The reasons our society has found itself in an incarceration epidemic are many and varied.  As a society, we seem to have an appetite to build more jails and prisons at the expense of community mental health centers and homeless shelters.  Tough on crime polices gets votes for politicians from a paranoid public. Prison and jails create jobs, which makes it an easier political “sell.”  With the current influx of privatized prisons and prison services, such as health care, our governments seek the lowest bidder at the expense of human dignity.

The policies and practices of our current incarceration system are flawed in many areas.  Absurd policies exist that include allowing corrections department to not treat prisoners with hepatitis-C unless the inmate waives their parole.  In essence, give up your freedom and receive treatments.  Also, corrections departments with policies that refuse eye care for inmates going blind if the inmate has at least “one good eye.”  In rural prisons, stroke victims often times do not have access to proper rehabilitation and are released with cognitive and physical disabilities.

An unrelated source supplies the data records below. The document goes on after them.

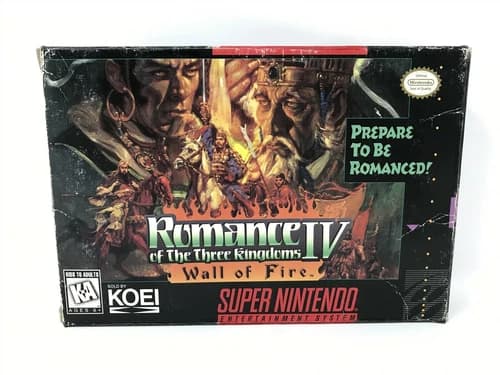 Romance Of The Three Kingdoms IV 4 - Super Nintendo SNES - 100% Complete in box
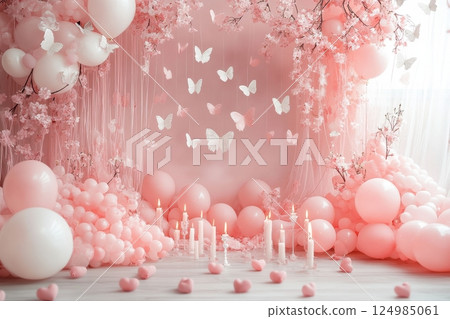 Wide angle photography of romantic pink balloon decor in an enchanting celebration space 124985061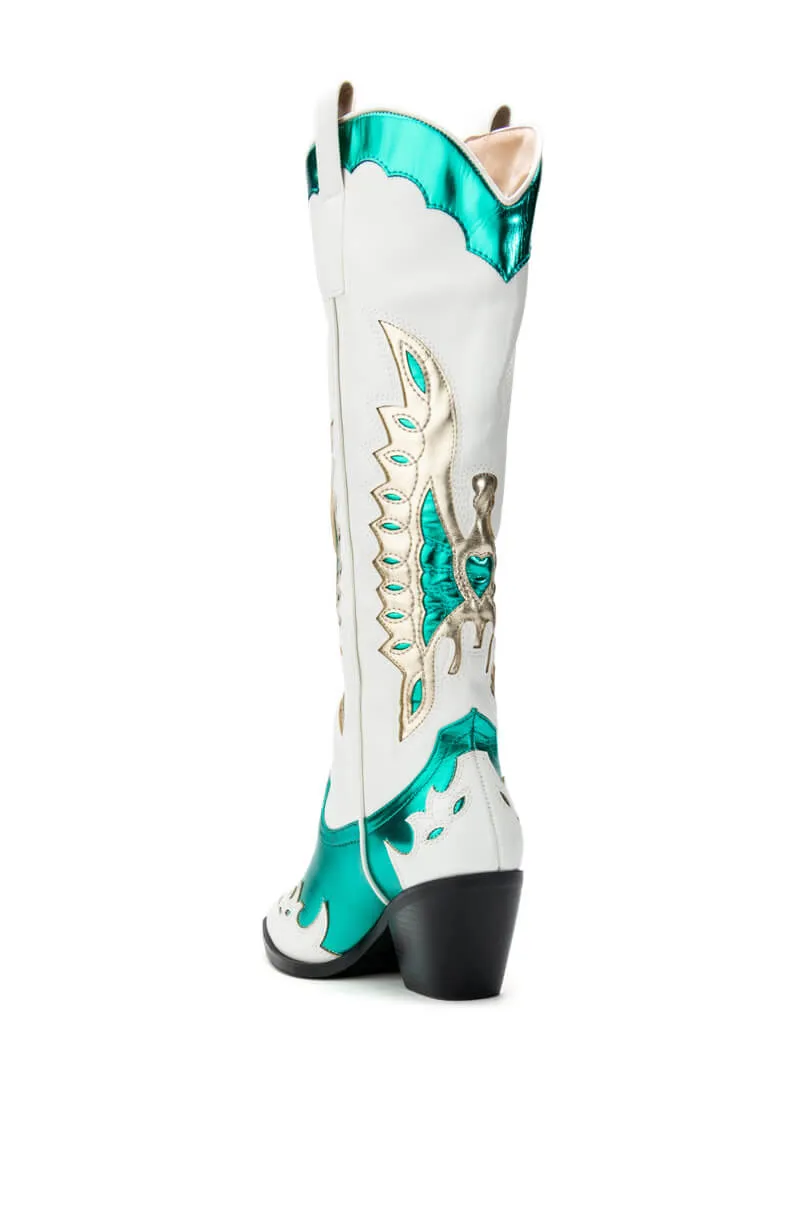 AZALEA WANG ALPOLINE WEDGE BOOT IN GREEN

The system's current practices focus more on fiscal initiatives rather than human dignity.  The system's punitive practices affect the mentally ill and the addicted when they are swept into the net via the judicial system.

There is no argument that there are people incarcerated that did bad things and deserve just punishment.  However, a society’s greatness can be measured by the humanity and compassion it shows for its most vulnerable citizens, including victims of crime and those that may perpetrate them.  Pope Francis often speaks of the compassion that we are to have for the incarcerated and reminds of us of our responsibility to insure human dignity for all humans, victims and perpetrators alike.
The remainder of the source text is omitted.